Exercise description = When you reach the line that contains "Opel Mokka 1.2", give it back exactly along with each line after it to the end of the entries; skip any pictures.

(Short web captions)

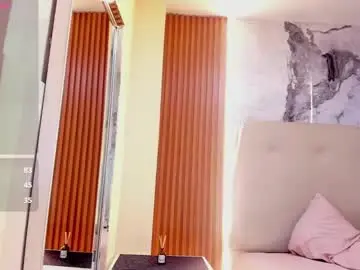 Chaturbate Best live sex cam show of mairakane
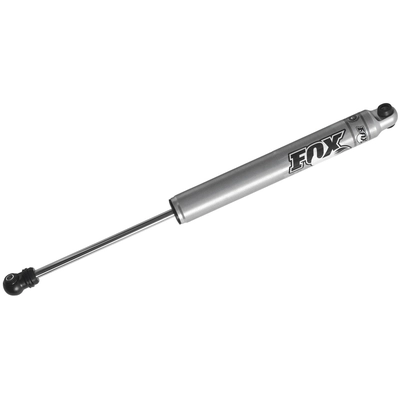 FOX SHOCKS - 980-24-656 - Body IFP Non-Adjustable Shock Absorber pa2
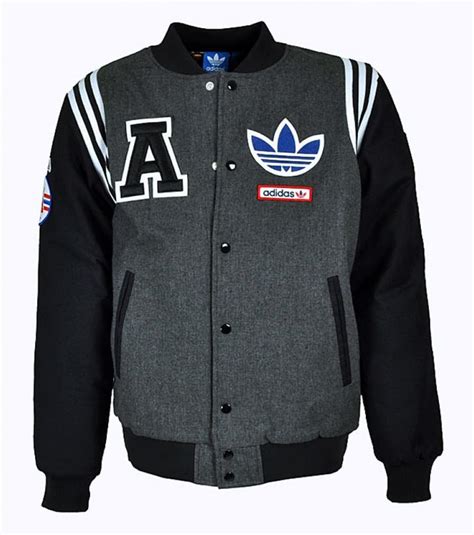 jeansjacke herren adidas|herrejacken herren.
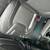 2019 *Jeep *Cherokee *4X4 *Latitude Plus *Like-New *TopDealer*59Years+ 17 thumbnail
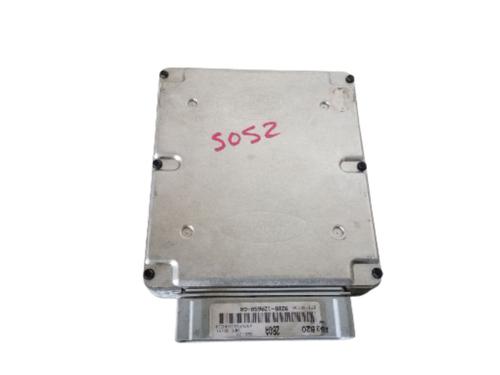 Used Engine control unit (ECU) FORD SCORPIO I Saloon (GGE) 2.0 i (115 hp) 30476778
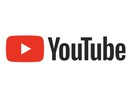 YouTubeチャンネル運営のアドバイスをします YouTubeで収益化を目指す人に向けたご提案 イメージ1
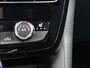 Opel Mokka 1.2 Turbo Hybrid GS 2 + 6  Jaar Garantie | automaat | stoelverwarming |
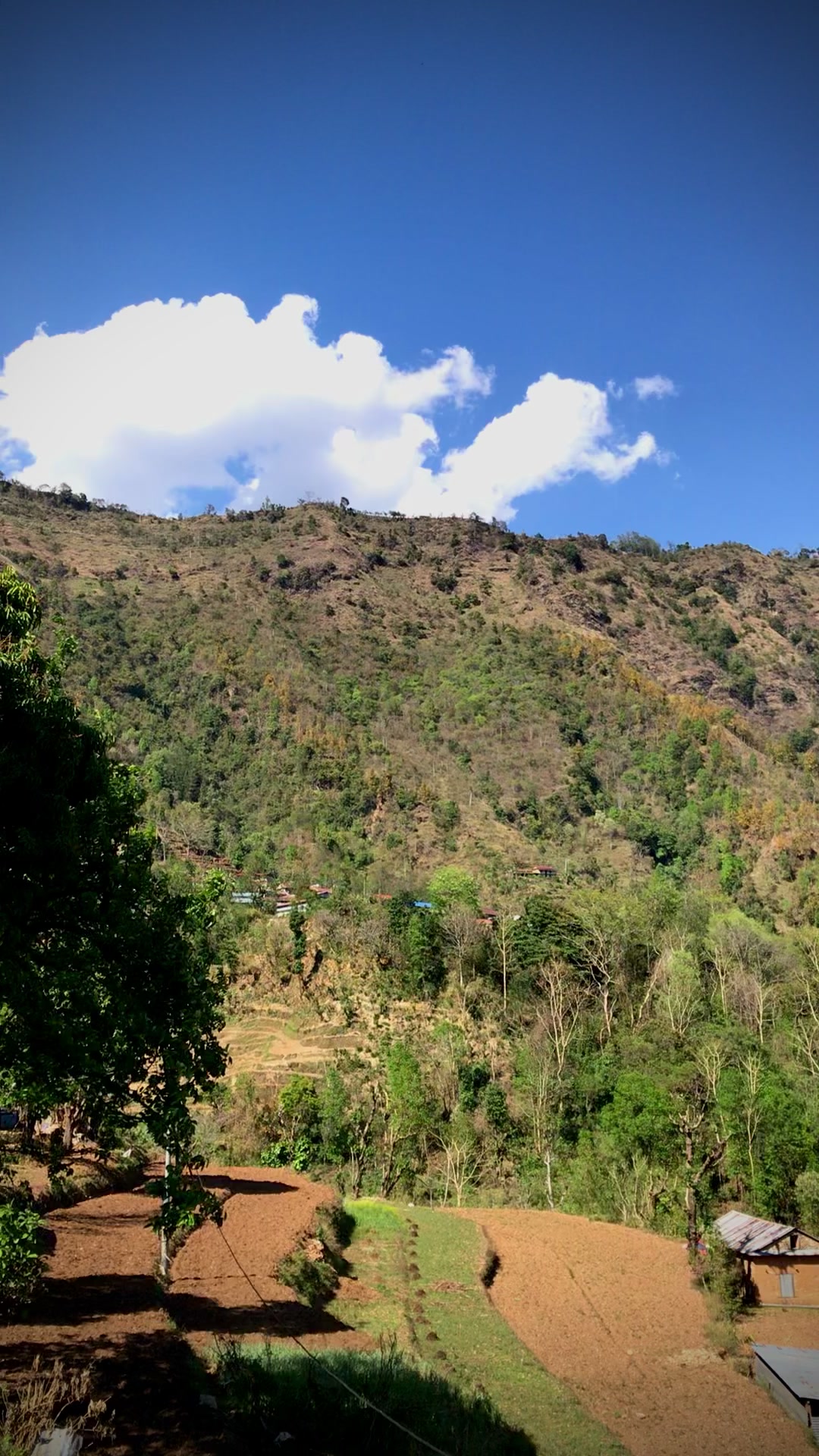 @Explore lalitpur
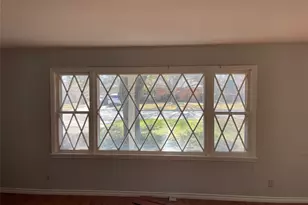 5808 Wales Ave, Fort Worth, TX 76133 - Photo 3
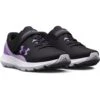 Kids Under Armour Surge 3 Ac Preschool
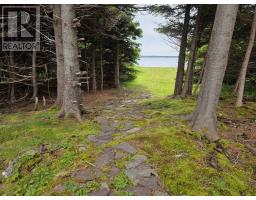 Lot 4 Mariner Way, South River Bourgeois, NS B0E2X0 Photo 19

Response area =
 Opel Mokka 1.2 Turbo Hybrid GS 2 + 6  Jaar Garantie | automaat | stoelverwarming |
 @Explore lalitpur
 5808 Wales Ave, Fort Worth, TX 76133 - Photo 3
 Kids Under Armour Surge 3 Ac Preschool
 Lot 4 Mariner Way, South River Bourgeois, NS B0E2X0 Photo 19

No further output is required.